Der Täter hatte keinen Migrationshintergrund

2006-05-27
“Von einer ausländerfeindlichen Tat wird nicht ausgegangen”. Liebe Medien: Was soll das? Spiegel hatte den Spruch mit dem Migrationshintergrund drin — in Anführungszeichen, aber es ist unklar, wer zitiert wurde, die Reporterin bei “Heute” wies ausdrücklich darauf hin, andere Medien haben laut Bekannten ebenfalls diese Aussage in ihren Beiträgen. Natürlich ist das Niederstechen von 28 Menschen eine verabscheuungswürdige Tat. Aber muss die Berichterstattung darüber genauso verabscheuungswürdig sein?

Noch einmal die Frage: Was soll das? Wieso wird explizit darauf hingewiesen, dass der Täter kein Ausländer ist? Wieso wird von anderer Seite explizit gesagt, dass es keinen ausländerfeindlichen Hintergrund für die Tat gäbe? Amokläufe traut man nur dem Türken zu? Oder doch eher dem Rumänen, der in der Ostmafia keinen Platz mehr bekommen hat? Deutsche begehen nur ausländerfeindliche Taten? Das ist es doch, was diese Sprüche bedeuten: “Obwohl wir eine solche Tat nur einem Ausländer zugetraut hätten, mussten wir mit Erschrecken feststellen, dass es ein Deutscher war! Aber der war kein Nazi, was uns genauso überrascht hat!”

Mal abgesehen von dem Stuss mit dem Migrationshintergrund — ist “Ausländer” plötzlich nicht mehr gut genug? Oder will man damit jetzt auch deutsche Staatsbürger treffen, die aus dem Ausland nach Deutschland gezogen sind — ist nicht klar, dass es genau solche Aussagen sind, die schädigen? Ist nicht klar, dass man hier eigentlich impliziert, dass man auf die Ausländer aufpassen muss, weil sie zum Amoklauf neigen (es war übrigens kein amerikanischer Postangestellter. Ist das nicht genauso seltsam?). Dass der gute Deutsche nur die vorgenannten Ausländer angreift?

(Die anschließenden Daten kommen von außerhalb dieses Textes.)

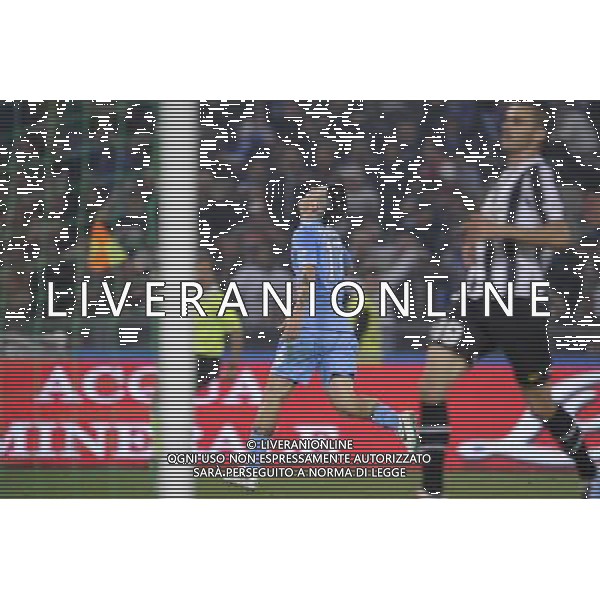 Roma - 20/05/2012 - Stadio Olimpico - Finale TIM CUP 2011/2012 - Juventus vs Napoli - nella foto: l\'esultanza di hamsik å© Fabrizio Corradetti - Ag. Aldo Liverani sas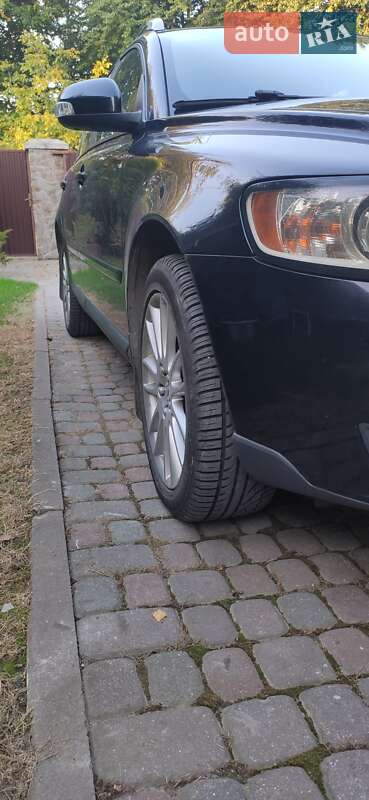 Універсал Volvo V50 2010 в Львові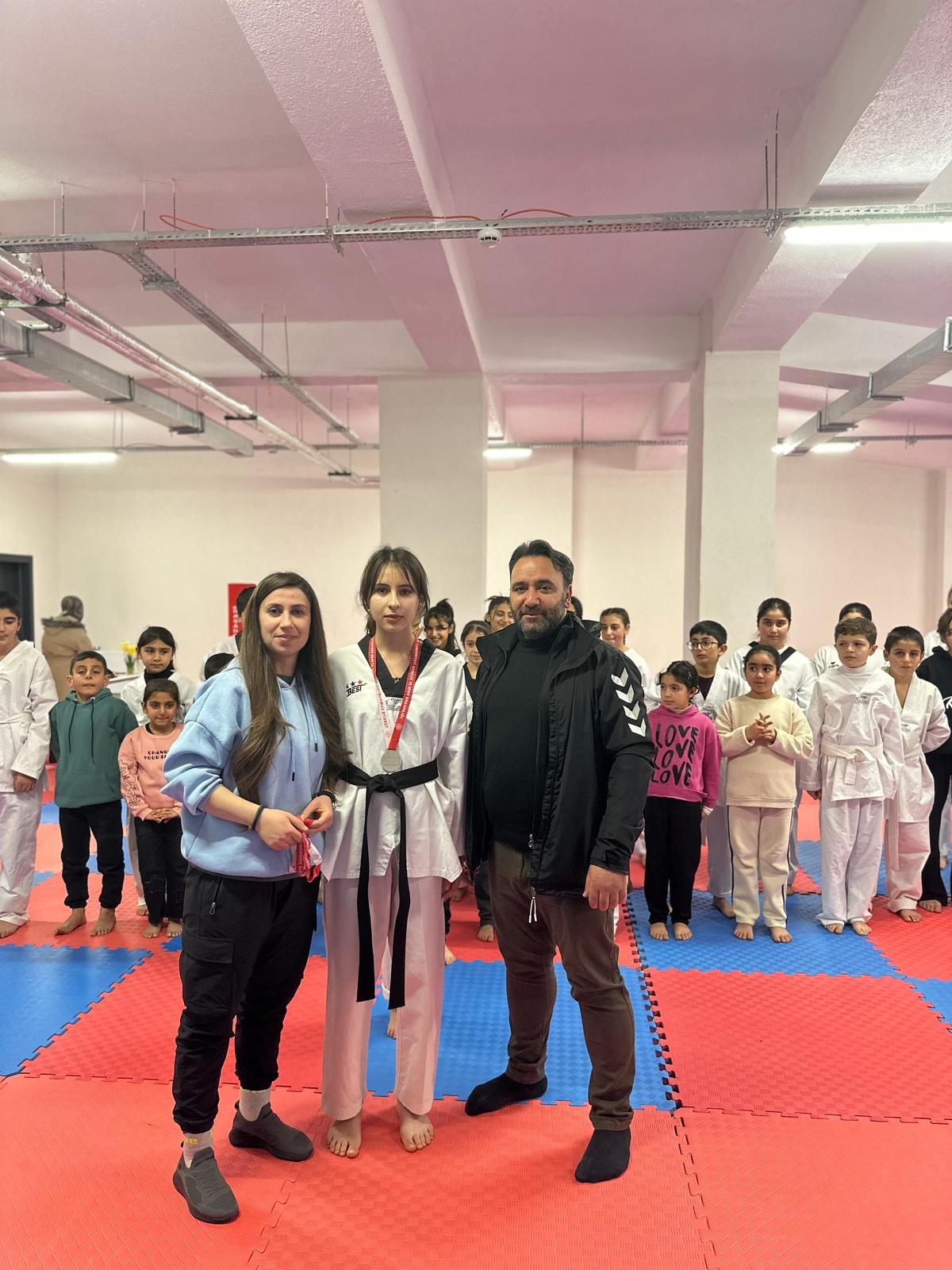 Van Büyükşehir Belediyespor’da Taekwondo Kuşak Sınavı Heyecanı
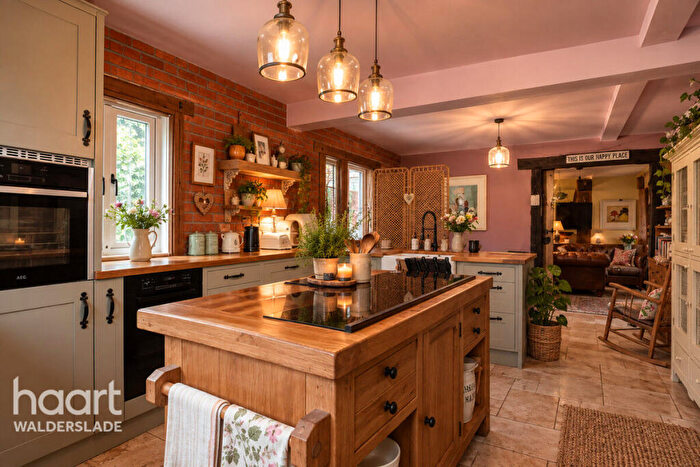 3 Bedroom Detached House For Sale In Walderslade Road, Walderslade, Chatham, ME5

Ist es nicht eher so, dass die Arschlöcher in allen Bereichen sitzen? ich habe ja nichts dagegen, wenn bei so einer Tat darauf hingewiesen wird, dass der Täter Ausländer war — so das stimmt. Oder dass der Typ, der den Schwarzen aufgrund seines Aussehens verprügelt hat, Deutscher war. Aber bitte doch nur, wenn das für die Tat irgendeine Relevanz hat.

Der Täter war übrigens Neuköllner, lieber Spiegel. Eventuell wollt ihr den Neuköllnartikel von 1997/1998 noch mal auspacken? Der war nämlich genauso beschissen wie eure momentane Berichterstattung zu dem Thema. Was passiert eigentlich, wenn sich rausstellt, dass die Familie des Täters aus dem Osten kommt?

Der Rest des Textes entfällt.